• [Aim of the task]:
The answer must be the complete listing, copied exactly.

• [Input data]:

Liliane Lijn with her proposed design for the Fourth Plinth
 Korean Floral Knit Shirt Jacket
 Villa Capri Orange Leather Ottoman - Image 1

• [Solution to the exercise]:
Liliane Lijn with her proposed design for the Fourth Plinth
 Korean Floral Knit Shirt Jacket
 Villa Capri Orange Leather Ottoman - Image 1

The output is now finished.